I try and use oily rags as the dust sticks to them quite well, also i have a couple of pieces of thin ply that i use.  The dust can be carefully lifted away with the ply wood.

I only do light emery cloth type abraisivs though.  When i do drop the grinding dust every where  i flood it off with wd40 and re oil hevily as soon as possible.

Stuart


----------



## HBilly1022 (Mar 4, 2016)

Steve; are you saying that even if the ways are cleaned right after grinding, the dust will still cause damage? That kind of makes sense though, as I've noticed there is always a blackish smear on the ways after I did a bunch of grinding in the shop about a month ago. I did cover the whole lathe with a sheet but maybe that wasn't good enough. My saving grace could be that I don't use the lathe a lot and I'm not young ........ so the lathe should still outlast me.
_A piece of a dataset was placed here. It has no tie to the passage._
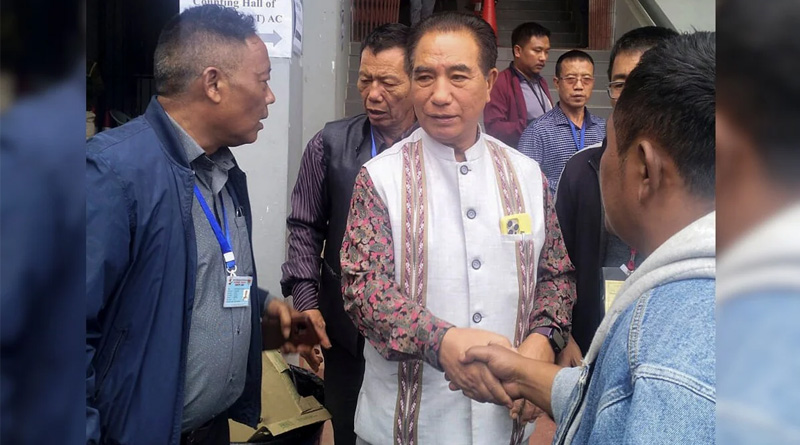 Mizoram Chief Minister-Elect Dials Centre Seeks Joint Work For Refugees | Sangbad Pratidin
Stupoty; thanks for the tip, after dinner I'm heading back to the shop to flood the ways and give them a _super_ cleaning, before re oiling.


----------



## Steve Shannon (Mar 5, 2016)

I think that as long as you clean them before running anything along the ways you might be okay, but it's possible to smear the dust into the surface where it will embed itself. I would do everything I could to prevent having the dust anywhere around my lathes, because it is small enough to make its way into places you don't want. If I did grind on a lathe I would tightly cover everything I could with non-porous materials, such as Saran Wrap or aluminum foil.
If you're grinding on a separate machine nearby a sheet should be fine, but if you're finding grinding dust on nearby surfaces you ought to be worried about your lungs, too. 

 Steve Shannon


----------



## HBilly1022 (Mar 5, 2016)

Thanks Steve. That black grit was everywhere in my shop. After completing my anvil build, the cause of all the grinding, I ended up going over every horizontal surface in the shop with rags and my shop vac. What a mess. I will never do any more extensive grinding in the shop. From now on it will have to be outside. I did wear a protective mask for some of the grinding but I'm sure it wasn't often enough. Live and learn.


----------



## Steve Shannon (Mar 6, 2016)

One good thing is that the human nose is pretty good at filtering and human lungs are pretty good at ejecting dust and renewing their interior surfaces.


 Steve Shannon, P.E.


----------